- Directed by: Louis King
- Screenplay by: Martin Berkeley Jerome Cady
- Based on: Will James (from the novel)
- Produced by: Robert Bassler
- Starring: Mark Stevens Coleen Gray
- Cinematography: Charles G. Clarke
- Edited by: Nick DeMaggio
- Music by: Daniele Amfitheatrof
- Color process: Technicolor
- Production company: 20th Century Fox
- Distributed by: 20th Century Fox
- Release date: June 28, 1949 (Denver);
- Running time: 78 minutes
- Country: United States
- Language: English
- Box office: $1.5 million (US rentals)

= Sand (1949 film) =

1949 film by Louis King

Sand is a 1949 American Western film directed by Louis King and starring Mark Stevens and Coleen Gray.
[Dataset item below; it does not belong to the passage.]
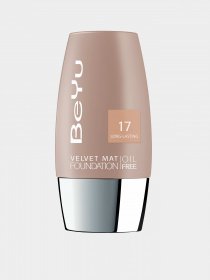 Тональный крем матирующий Velvet Beyu модель 385.17 Фото
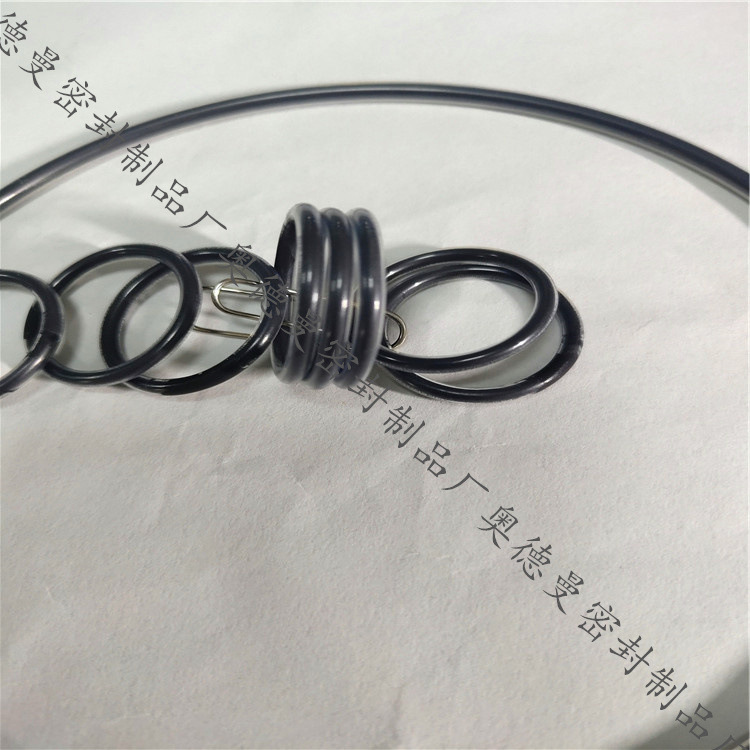 生产铁氟龙包覆O型圈 耐高温包覆O型圈 耐腐蚀包覆O型圈品种全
It was nominated at the 22nd Academy Awards for Best Cinematography (color), which Charles G. Clarke was nominated for.

==Plot==
Based on the 1932 novel of the same name, Jeff Keane's expensive horse show escapes and runs loose in the Colorado wilderness.

==Cast==
- Mark Stevens as Jeff Keane
- Coleen Gray as Joan Hartley
- Rory Calhoun as Chick Palmer
- Charley Grapewin as Doug
- Robert Patten as Boyd (as Bob Patten)

==Release==
Sand had its premiere in Denver, Colorado on June 28, 1949. It opened in 300 theaters around Independence Day in the Western United States including Kansas City, Omaha, Milwaukee, San Francisco and Seattle as well as Philadelphia and Detroit.